Instrumental behaviour consists of actions leading towards a stated goal…Expressive behaviour, on the other hand, consists of actions demonstrating to other people what sort of person you are…both [are] important
An example of instrumental behaviour might be having the goal of learning a new programming language so registering for a course on the topic or getting a relevant book out of the library. The example of expressive behaviour that the authors give is
sitting in the front of the lecture theatre and taking copious notes in a very visible manner to show that you take your studies very seriously
although I can think of a number of reasons why you might want to sit in the front of the lecture theatre and take copious notes that do not involve the need to show anything. An example of expressive behaviour among PhD students might be staying very long hours in the office to demonstrate that you are a dedicated student, rather than because that is the most productive or efficient way for you to work. (Again, sometimes it might actually be the most useful way for you to work.)
In the authors’ experience,
students are normally good at some types of instrumental behaviour and woefully bad at the sensible sorts of expressive behaviour, usually because nobody has explained to them which signals they need to send out.
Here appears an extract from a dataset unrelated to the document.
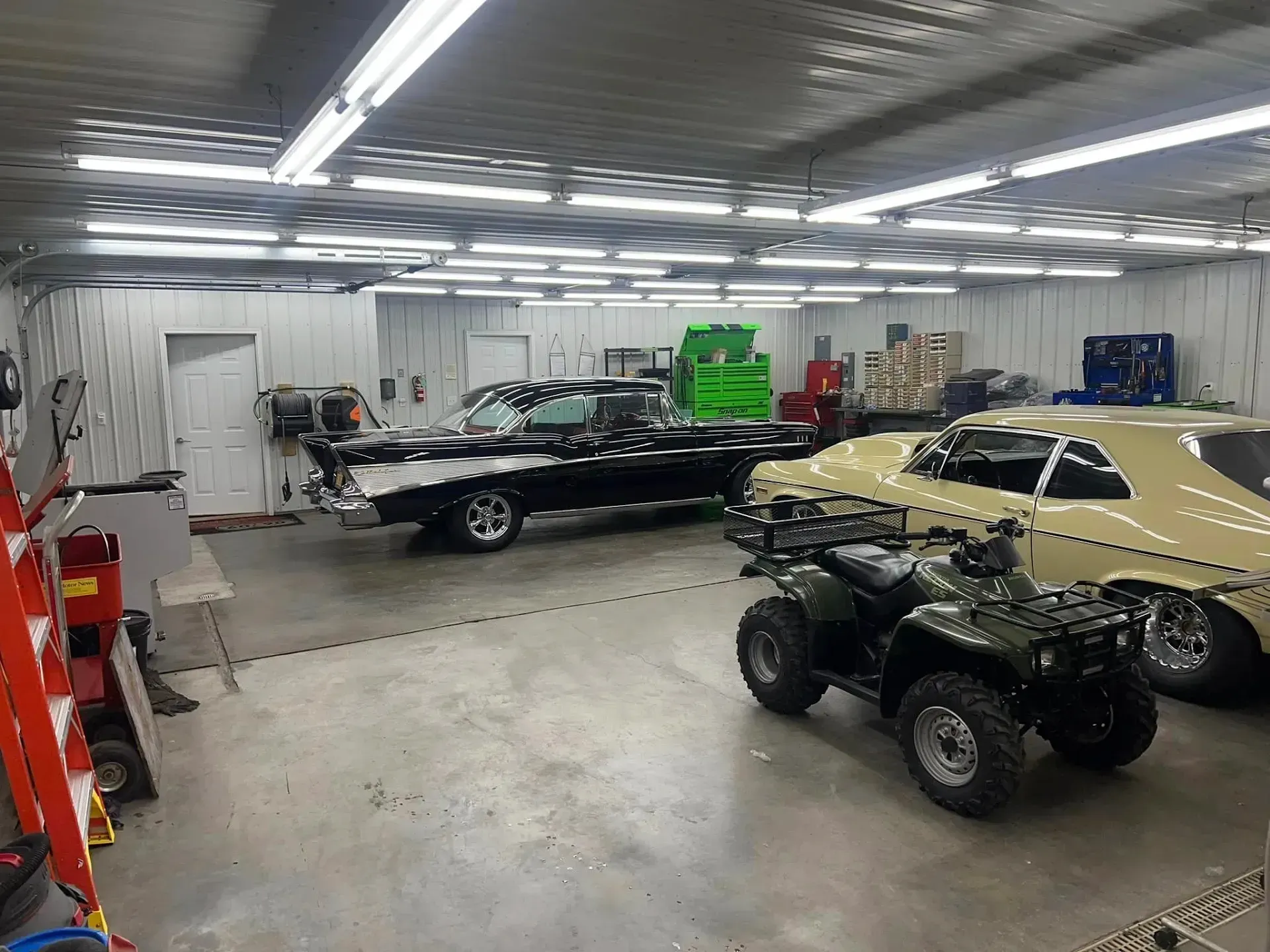 Garage with a Black Classic Car, ATV, and a Yellow Car | Auto Care Center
It is easy to see how this situation could arise. In academia, certain conventions baffle those who are not familiar with them. (The concept of preparing a poster to take to a conference has been referred to as “quaint” by one non-academic acquaintance.) Indeed throughout this book, guidelines regarding expressive behaviour are implicit in the chapters discussing, for example, attending a conference, giving a talk and handling the viva.
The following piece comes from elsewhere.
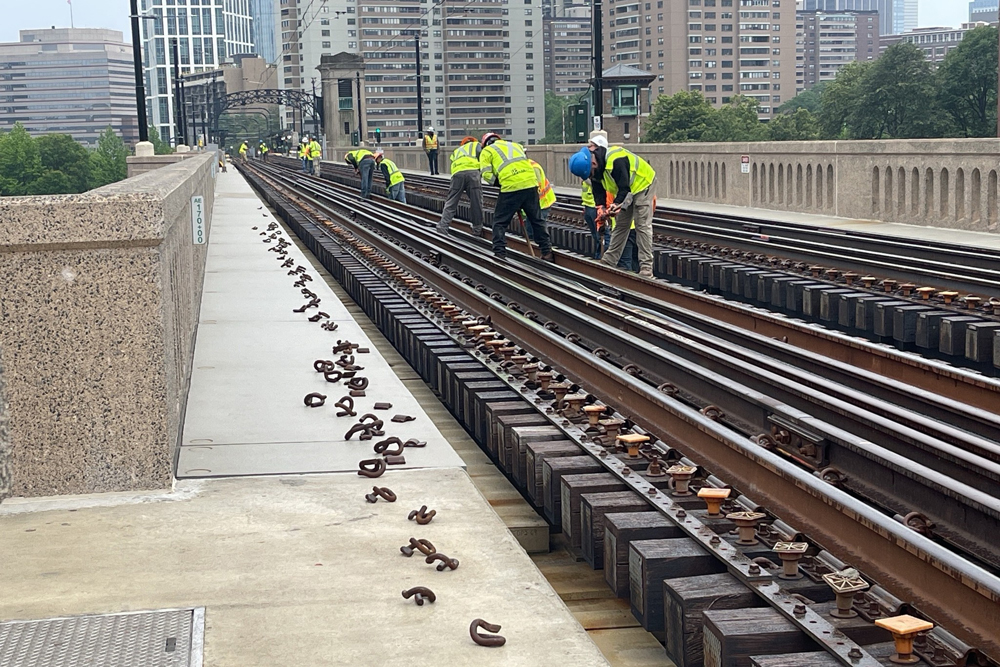 Maintenance workers on rail bridge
Raising awareness of the concept of expressive behaviour is helpful to PhD students for two reasons:
One is simply that (as the authors suggest) may people are susceptible to some unhelpful types of this expressive behaviour. Being self-aware about this means that if someone finds themself caught in this way, they are in a position to (try to) decipher the signal that I am really trying to send out. They are more likely to be able to do this than anyone else, most of all the person they want to communicate with. The student could then work out how to act more constructively to achieve their goal.
Another reason is that appropriate expressive behaviour seems to be particularly critical when negotiating the academic path. As someone who does not find it easy to dissemble, thinking of my actions in terms of the messages that they send out might help me to find my way more easily.